Seeing as I have countered a YANA* with a YANA, I will give an example on my side.
A racial epithet is a description of racially defined superficial difference usually used in some degree of mockery.
The problem with taking a shared history of repression out of the equation is that in almost every case we could propose there does exist a shared history of repression in racial interactions which adds an extra layer of political inference to comments of that nature.
If you were instead to shift it to other descriptions of superficial difference usually used in some degree of mockery, such as hair colour, body shape, notions of beauty and ugliness etc it's easier to imagine a different situation.
Comments of those kinds can still be cruel and even used as socio-political mechanisms of control but there is no defined collective group of historically repressed people connected to those comments, few repressive groups historically associated with their use and few collective groups of resistance countering such comments.

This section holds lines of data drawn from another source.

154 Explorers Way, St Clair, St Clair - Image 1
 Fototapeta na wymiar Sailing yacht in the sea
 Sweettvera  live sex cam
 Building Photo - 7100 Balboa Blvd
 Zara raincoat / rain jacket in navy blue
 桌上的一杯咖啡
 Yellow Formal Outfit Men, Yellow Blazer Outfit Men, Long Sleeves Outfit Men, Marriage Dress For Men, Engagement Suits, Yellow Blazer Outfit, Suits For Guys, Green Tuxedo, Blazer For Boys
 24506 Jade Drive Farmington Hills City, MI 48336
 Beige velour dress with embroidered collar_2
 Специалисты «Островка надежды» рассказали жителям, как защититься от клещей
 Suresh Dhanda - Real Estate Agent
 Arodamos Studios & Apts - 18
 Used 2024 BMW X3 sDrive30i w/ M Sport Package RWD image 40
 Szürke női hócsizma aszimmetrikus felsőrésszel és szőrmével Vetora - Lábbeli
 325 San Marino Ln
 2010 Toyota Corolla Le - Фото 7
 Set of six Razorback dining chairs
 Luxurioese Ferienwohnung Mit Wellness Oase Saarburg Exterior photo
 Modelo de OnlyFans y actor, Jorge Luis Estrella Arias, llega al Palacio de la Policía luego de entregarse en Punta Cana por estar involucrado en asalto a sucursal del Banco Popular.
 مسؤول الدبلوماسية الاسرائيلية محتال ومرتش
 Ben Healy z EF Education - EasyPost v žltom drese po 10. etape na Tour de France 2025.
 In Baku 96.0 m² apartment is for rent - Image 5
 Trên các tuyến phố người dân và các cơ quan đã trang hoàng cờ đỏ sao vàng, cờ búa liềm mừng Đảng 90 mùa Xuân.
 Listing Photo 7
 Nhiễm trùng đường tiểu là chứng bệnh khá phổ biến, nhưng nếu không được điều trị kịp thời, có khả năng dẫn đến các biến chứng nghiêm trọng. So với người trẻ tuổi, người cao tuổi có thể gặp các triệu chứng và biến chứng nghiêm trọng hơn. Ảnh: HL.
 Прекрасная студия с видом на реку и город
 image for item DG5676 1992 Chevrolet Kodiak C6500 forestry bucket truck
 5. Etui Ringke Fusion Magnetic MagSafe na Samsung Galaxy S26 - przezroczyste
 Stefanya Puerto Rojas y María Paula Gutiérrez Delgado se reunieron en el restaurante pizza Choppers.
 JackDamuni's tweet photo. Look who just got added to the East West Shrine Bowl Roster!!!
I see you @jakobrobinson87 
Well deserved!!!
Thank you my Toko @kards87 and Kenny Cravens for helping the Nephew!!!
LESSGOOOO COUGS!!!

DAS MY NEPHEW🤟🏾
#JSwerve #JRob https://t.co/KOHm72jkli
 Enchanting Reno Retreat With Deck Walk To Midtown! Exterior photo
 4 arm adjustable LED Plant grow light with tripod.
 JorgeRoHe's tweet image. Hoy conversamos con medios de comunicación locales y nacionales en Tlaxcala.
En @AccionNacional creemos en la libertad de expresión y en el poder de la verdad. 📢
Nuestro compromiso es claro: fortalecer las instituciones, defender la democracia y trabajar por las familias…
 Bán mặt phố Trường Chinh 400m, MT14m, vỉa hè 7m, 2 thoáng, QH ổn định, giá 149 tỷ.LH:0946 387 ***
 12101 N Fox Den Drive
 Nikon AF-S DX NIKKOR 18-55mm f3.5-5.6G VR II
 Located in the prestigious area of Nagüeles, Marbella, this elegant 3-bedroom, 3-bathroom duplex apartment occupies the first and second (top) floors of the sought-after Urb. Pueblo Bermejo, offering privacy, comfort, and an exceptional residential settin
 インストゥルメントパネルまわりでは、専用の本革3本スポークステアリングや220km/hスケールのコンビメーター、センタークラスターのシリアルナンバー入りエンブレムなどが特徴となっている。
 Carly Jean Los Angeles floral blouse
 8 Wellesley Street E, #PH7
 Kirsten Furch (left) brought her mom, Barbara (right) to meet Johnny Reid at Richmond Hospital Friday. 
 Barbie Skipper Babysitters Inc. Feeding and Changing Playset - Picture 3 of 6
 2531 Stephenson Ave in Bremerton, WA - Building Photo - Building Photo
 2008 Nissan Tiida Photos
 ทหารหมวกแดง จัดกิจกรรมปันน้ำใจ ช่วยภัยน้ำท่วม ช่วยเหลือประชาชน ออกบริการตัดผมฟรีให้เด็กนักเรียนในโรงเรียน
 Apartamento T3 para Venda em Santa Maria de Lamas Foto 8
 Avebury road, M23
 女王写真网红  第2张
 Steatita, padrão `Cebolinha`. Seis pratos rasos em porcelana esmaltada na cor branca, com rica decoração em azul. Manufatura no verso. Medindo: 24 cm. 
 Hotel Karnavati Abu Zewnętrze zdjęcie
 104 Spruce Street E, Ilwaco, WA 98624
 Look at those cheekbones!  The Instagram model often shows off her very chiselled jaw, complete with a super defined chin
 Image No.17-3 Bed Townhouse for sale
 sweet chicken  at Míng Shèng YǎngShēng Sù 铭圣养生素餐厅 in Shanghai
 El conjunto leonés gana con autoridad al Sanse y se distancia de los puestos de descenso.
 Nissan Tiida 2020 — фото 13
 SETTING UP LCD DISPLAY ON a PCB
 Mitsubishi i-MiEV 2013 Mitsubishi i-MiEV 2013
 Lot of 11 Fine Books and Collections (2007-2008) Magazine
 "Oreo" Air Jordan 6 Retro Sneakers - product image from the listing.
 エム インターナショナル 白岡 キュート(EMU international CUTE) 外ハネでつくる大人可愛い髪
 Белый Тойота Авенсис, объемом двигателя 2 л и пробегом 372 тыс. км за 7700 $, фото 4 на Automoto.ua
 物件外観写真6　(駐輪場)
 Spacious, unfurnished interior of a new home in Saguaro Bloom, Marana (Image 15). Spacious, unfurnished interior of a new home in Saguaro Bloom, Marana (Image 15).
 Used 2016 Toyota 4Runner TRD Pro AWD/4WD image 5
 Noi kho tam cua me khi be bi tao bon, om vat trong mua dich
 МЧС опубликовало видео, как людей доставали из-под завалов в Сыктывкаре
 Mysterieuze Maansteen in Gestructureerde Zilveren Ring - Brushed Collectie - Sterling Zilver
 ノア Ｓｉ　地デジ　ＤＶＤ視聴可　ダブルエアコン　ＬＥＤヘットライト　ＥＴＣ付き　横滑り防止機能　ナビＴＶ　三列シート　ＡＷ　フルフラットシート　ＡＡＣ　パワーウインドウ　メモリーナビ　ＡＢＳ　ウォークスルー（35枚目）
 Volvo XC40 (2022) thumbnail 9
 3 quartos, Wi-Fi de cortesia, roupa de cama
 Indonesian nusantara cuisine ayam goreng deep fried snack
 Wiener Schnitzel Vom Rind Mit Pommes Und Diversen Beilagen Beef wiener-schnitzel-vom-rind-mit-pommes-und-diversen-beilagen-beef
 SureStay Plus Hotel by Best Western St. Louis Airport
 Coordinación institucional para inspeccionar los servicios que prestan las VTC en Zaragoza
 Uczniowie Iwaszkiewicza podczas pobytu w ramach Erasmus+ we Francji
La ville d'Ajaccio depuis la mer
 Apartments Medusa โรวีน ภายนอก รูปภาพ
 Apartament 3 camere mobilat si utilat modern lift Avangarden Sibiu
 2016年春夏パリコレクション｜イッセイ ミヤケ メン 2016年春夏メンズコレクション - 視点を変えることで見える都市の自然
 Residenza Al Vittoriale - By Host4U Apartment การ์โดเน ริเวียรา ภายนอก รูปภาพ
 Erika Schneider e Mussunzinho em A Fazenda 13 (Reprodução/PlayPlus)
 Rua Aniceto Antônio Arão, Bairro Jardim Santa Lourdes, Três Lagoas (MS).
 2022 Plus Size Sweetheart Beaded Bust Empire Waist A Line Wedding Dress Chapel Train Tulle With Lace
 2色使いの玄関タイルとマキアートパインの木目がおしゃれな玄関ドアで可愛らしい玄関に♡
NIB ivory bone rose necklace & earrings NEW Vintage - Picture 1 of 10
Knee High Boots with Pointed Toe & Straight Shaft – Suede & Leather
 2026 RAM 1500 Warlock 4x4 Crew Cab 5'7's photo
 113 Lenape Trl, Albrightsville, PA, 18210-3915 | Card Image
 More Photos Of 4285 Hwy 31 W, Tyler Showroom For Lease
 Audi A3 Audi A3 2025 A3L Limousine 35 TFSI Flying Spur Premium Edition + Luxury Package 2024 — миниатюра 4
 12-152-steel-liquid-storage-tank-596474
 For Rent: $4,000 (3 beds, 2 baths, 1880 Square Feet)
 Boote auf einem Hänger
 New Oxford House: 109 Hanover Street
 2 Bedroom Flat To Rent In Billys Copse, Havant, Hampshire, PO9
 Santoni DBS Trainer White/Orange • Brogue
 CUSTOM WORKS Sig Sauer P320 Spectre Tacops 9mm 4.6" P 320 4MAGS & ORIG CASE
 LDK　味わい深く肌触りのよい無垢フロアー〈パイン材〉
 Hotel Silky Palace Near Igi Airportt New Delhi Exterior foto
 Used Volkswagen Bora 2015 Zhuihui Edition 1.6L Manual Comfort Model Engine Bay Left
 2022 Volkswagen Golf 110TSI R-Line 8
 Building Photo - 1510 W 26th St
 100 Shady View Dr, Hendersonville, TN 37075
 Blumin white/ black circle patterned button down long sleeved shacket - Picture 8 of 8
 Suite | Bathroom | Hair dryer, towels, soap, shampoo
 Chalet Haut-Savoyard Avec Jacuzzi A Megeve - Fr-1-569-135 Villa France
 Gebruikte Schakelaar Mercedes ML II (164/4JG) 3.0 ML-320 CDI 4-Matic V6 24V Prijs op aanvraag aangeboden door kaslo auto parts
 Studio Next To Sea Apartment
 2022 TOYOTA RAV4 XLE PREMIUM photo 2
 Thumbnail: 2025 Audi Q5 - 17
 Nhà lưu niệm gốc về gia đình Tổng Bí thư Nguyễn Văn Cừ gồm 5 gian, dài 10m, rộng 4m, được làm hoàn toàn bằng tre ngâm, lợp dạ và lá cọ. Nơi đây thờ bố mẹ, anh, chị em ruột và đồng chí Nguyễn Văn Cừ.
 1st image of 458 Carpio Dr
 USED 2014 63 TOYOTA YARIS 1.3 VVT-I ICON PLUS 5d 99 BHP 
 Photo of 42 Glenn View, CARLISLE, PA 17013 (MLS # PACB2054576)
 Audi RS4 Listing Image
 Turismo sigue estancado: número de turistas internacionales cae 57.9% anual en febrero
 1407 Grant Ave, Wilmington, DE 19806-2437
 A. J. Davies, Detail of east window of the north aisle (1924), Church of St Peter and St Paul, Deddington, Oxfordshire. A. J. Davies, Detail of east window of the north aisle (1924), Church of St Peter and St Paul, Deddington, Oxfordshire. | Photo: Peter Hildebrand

There are no institutionalised ginger hair oppressor groups and the few groups who are organised to combat the jibes against red heads are not taken as seriously as people fighting against racial bigotry.
People of all races can be cruel to overweight or 'ugly' people and while statistical proofs exist that prejudice based on those superficial differences can effect the life chances of people there are no marches for the rights of the ugly or the short, or the lanky.
There is no defined history of systemic oppression.
In an alien or fictional culture it may be that ethnic differences (like skin colour) have never been used in the way we are familiar (or the roles may have been reversed).
A racial epithet would in such an environment have a totally different meaning to that society to that we are familiar with.
Indeed in the future or even in the far distant past of our own species they may have also a totally different meaning.